Allora facciamo Plutone? Come dici Dago: è troppo lontano? Dài, ce la possono fare; gente che in quattro e quattr’otto è riuscita ad abolire la povertà -e senza che se ne accorgesse nessuno- è capace di tutto! Già me la vedo l’astronave M5s, che fila a tutta birra nello spazio con Conte-Spock al volante, Grillo motorista, Giggino vivandiere, Toninelli mozzo e Casalino di vedetta al finestrino! Evvai, lontano, verso altri mondi!
Vittorio Lestellesonobellemilionidimilionilestelledei… ExInfeltrito
MAI CON IL PD
Di Maio 1- «Il Movimento è nato in reazione al Pd, al loro modo di fare politica. E oggi offre uno stile nuovo».
Di Maio 2 – «Il Pd ha un’idea perversa del concetto di democrazia».
Di Maio 3: «Il Pd è un partito di miserabili che vogliono soltanto la poltrona».
Di Maio 4: «Il Pd si fa pagare da Mafia Capitale».

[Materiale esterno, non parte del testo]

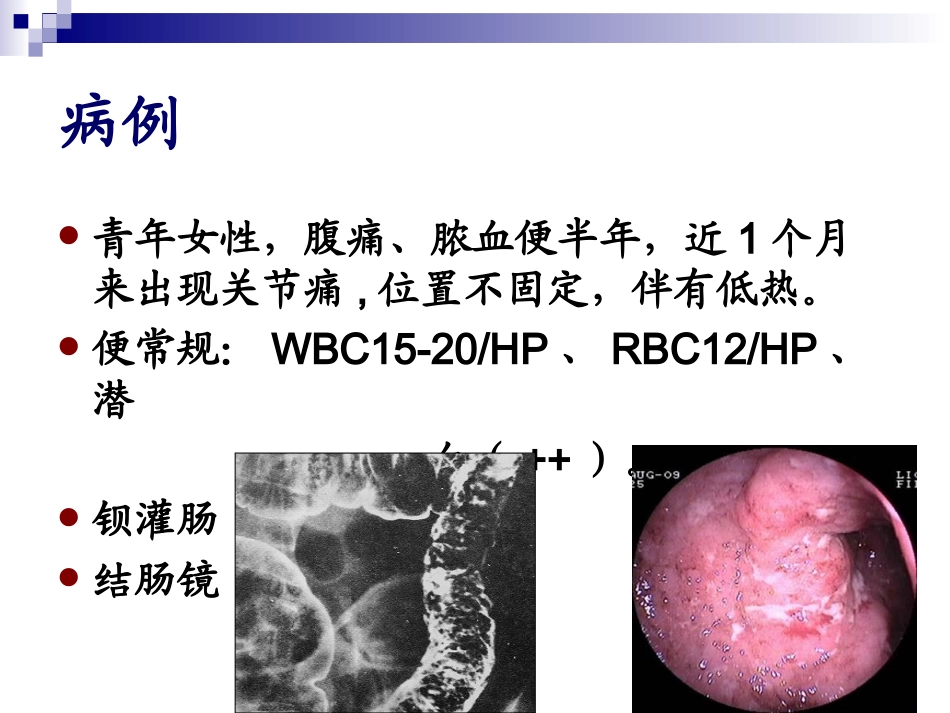 炎症性肠病.ppt(7年制)_第2页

Di Maio 5: «Il Pd profana la democrazia».
Di Maio 6. «Nel Pd hanno una questione morale grande come tutto il Pd».
Di Maio 7. «Nel Pd sono ladri di democrazia».
Di Maio 8: «Il Pd è il simbolo del voto di scambio e del malaffare».
Di Maio 9: «Nel Pd ci sono gli assassini politici della mia terra, sono criminali politici».
Di Maio 10: «Il Pd fa politiche che favoriscono i mafiosi».
Di Maio 11: «Il Pd è da mandare via a calci».
Di Maio 12: «Il Pd ha i mesi contati, mandiamoli a casa».
Di Maio 13: «Il Pd è il partito dei privilegi, della corruzione e delle ruberie. A casa».
Di Maio 14: «Il Pd sta con le banche, manda sul lastrico i risparmiatori».
Di Maio 15: «Il Pd è responsabile di questo schifo».
Di Maio 16: «Il Pd è il male dell’Italia».
Di Maio 17: «Le misure economiche del Pd sono infami».
Di Maio 18: «Siamo noi l’unica alternativa al Pd».
Di Maio 19: «L’unica cosa che possiamo fare è invitare i cittadini a liberare l’Italia dal Pd».
Di Maio 20: «Non ci fidiamo del Pd».
Di Maio 21: «Parlare con il Pd è un suicidio».
Di Maio 22: «Escludo categoricamente qualsiasi alleanza col Pd».
Questa invece l’ultima affermazione sul PD:
Di Maio 23: «Il nostro primo interlocutore è il Pd con l’attuale segretario e con le persone che in questi anni hanno lavorato bene».